__Requirement__:
Leaving out every picture, please repeat exactly the line that contains "fow4 限定品 FOSSIL/フォッシル" and each line after it through the final line below.

__Data shown__:
**********

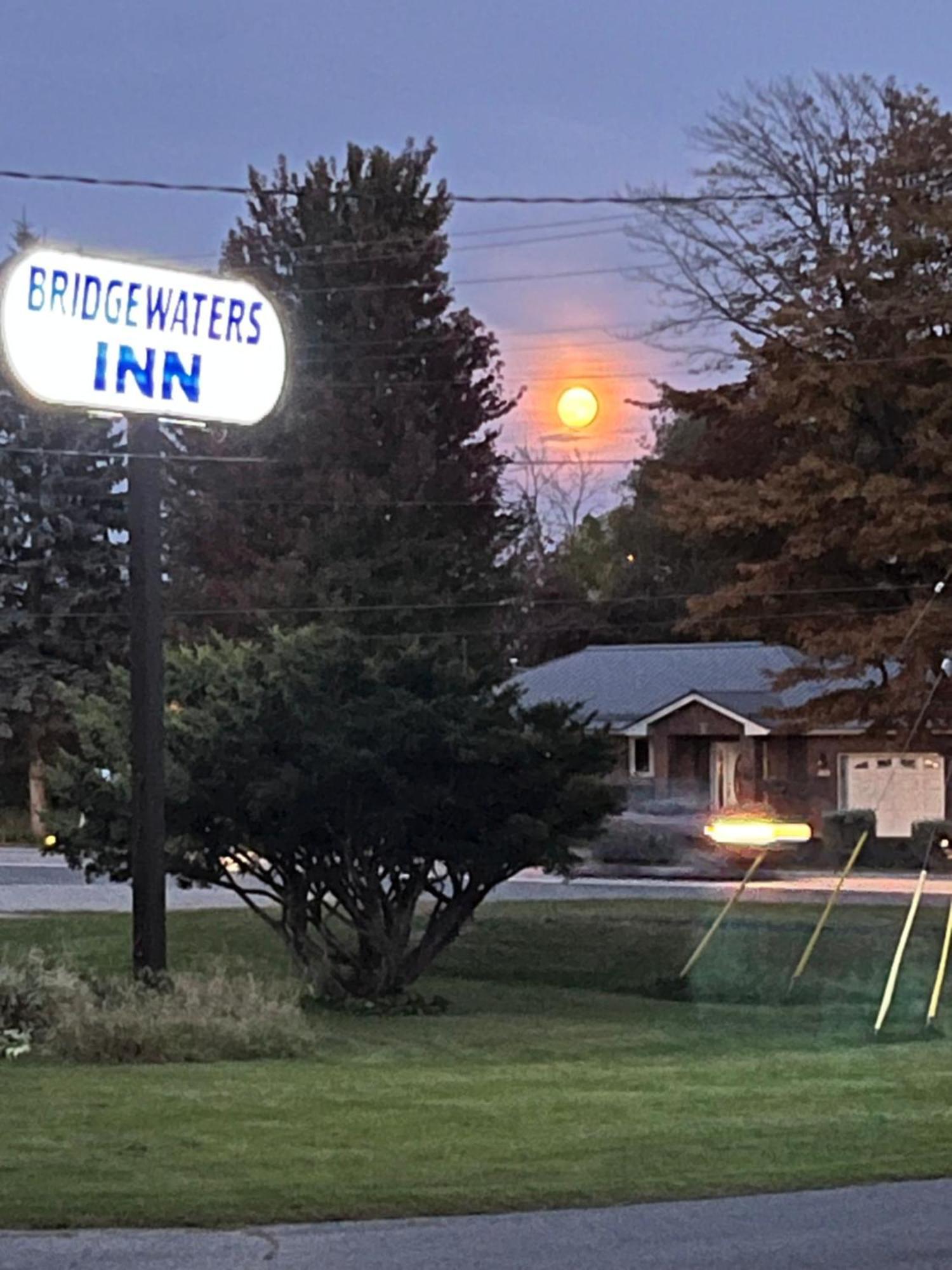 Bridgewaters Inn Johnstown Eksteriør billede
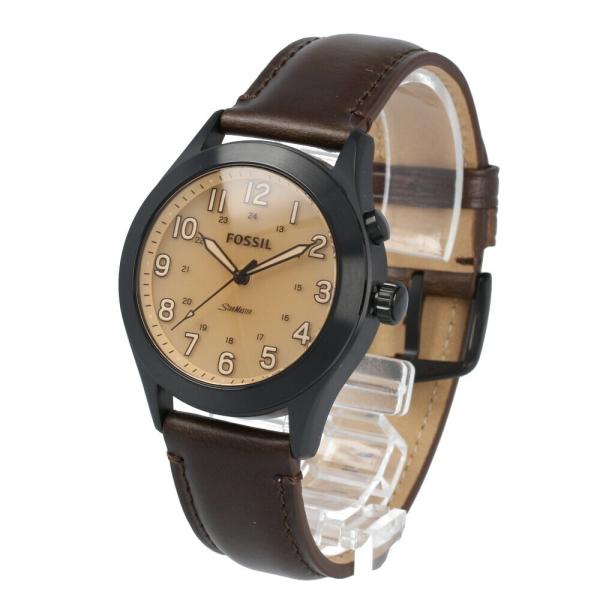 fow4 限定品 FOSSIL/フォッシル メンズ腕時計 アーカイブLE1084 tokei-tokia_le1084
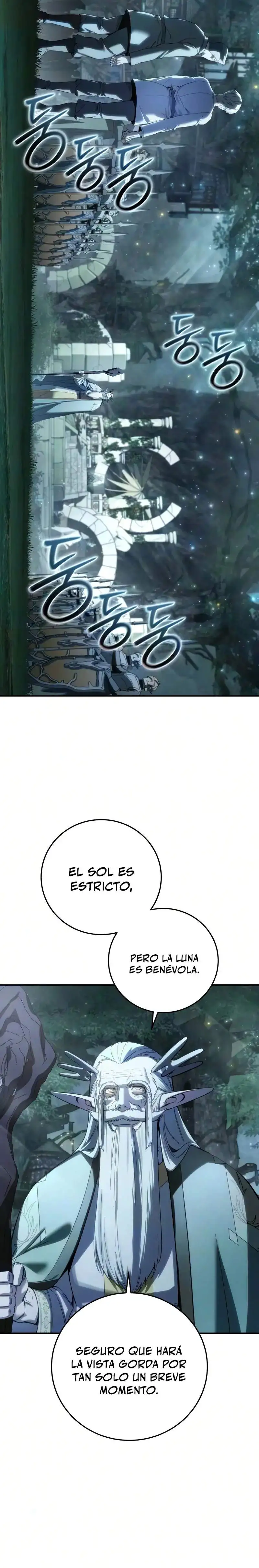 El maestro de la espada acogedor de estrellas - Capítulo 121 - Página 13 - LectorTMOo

**********

__Result below__:
 fow4 限定品 FOSSIL/フォッシル メンズ腕時計 アーカイブLE1084 tokei-tokia_le1084
 El maestro de la espada acogedor de estrellas - Capítulo 121 - Página 13 - LectorTMOo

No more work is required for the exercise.